§ **WHAT YOU SHOULD DO**
Give back, exactly as written, the lines from the beginning of the listing through the one that contains "Groovus Maximus cover".

· · · · · · ·

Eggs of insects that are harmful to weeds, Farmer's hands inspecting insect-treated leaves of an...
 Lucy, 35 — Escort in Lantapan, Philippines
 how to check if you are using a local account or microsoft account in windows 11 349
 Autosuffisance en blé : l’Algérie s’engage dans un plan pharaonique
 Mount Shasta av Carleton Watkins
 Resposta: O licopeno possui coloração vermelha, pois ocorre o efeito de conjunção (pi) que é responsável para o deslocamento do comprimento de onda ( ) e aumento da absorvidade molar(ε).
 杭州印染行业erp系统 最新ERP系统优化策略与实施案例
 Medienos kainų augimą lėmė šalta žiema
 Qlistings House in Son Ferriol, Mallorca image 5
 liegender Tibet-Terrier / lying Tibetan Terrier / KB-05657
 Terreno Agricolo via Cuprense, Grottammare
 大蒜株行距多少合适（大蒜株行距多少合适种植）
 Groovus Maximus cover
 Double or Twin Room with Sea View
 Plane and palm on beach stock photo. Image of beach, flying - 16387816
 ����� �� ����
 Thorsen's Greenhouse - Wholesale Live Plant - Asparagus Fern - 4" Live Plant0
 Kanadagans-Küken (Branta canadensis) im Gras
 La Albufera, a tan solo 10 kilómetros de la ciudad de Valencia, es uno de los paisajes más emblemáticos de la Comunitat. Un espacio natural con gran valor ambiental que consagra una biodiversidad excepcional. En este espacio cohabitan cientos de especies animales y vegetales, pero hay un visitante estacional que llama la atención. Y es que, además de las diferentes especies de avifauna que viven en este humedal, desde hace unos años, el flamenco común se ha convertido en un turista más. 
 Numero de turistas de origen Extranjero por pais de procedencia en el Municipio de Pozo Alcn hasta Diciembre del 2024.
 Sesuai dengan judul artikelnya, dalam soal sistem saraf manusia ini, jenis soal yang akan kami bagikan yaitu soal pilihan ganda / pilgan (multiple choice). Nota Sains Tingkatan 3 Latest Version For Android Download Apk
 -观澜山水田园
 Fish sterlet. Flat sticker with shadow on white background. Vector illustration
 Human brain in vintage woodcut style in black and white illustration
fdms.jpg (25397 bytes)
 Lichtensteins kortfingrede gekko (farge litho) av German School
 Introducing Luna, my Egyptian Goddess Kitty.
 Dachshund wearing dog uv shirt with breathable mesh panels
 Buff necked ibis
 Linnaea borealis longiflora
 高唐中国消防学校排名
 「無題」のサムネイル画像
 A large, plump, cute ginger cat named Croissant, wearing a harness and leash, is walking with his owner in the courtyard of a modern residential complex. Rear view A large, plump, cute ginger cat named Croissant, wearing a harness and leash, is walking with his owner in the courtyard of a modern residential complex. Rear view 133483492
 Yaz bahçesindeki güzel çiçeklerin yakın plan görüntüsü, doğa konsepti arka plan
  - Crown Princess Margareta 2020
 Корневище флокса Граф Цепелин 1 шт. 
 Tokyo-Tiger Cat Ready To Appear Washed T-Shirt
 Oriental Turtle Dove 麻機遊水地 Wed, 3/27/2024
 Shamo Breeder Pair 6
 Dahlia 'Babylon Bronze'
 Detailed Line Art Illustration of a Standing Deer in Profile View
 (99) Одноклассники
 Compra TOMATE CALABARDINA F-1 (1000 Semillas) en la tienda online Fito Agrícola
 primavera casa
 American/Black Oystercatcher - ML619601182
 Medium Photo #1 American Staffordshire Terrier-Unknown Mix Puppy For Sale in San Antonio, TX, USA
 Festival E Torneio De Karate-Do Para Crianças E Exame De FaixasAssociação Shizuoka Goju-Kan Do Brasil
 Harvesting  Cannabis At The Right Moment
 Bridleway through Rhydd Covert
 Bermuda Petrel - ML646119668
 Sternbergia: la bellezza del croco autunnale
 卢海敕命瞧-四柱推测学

· · · · · · ·

§ **PROBLEM SOLUTION**
Eggs of insects that are harmful to weeds, Farmer's hands inspecting insect-treated leaves of an...
 Lucy, 35 — Escort in Lantapan, Philippines
 how to check if you are using a local account or microsoft account in windows 11 349
 Autosuffisance en blé : l’Algérie s’engage dans un plan pharaonique
 Mount Shasta av Carleton Watkins
 Resposta: O licopeno possui coloração vermelha, pois ocorre o efeito de conjunção (pi) que é responsável para o deslocamento do comprimento de onda ( ) e aumento da absorvidade molar(ε).
 杭州印染行业erp系统 最新ERP系统优化策略与实施案例
 Medienos kainų augimą lėmė šalta žiema
 Qlistings House in Son Ferriol, Mallorca image 5
 liegender Tibet-Terrier / lying Tibetan Terrier / KB-05657
 Terreno Agricolo via Cuprense, Grottammare
 大蒜株行距多少合适（大蒜株行距多少合适种植）
 Groovus Maximus cover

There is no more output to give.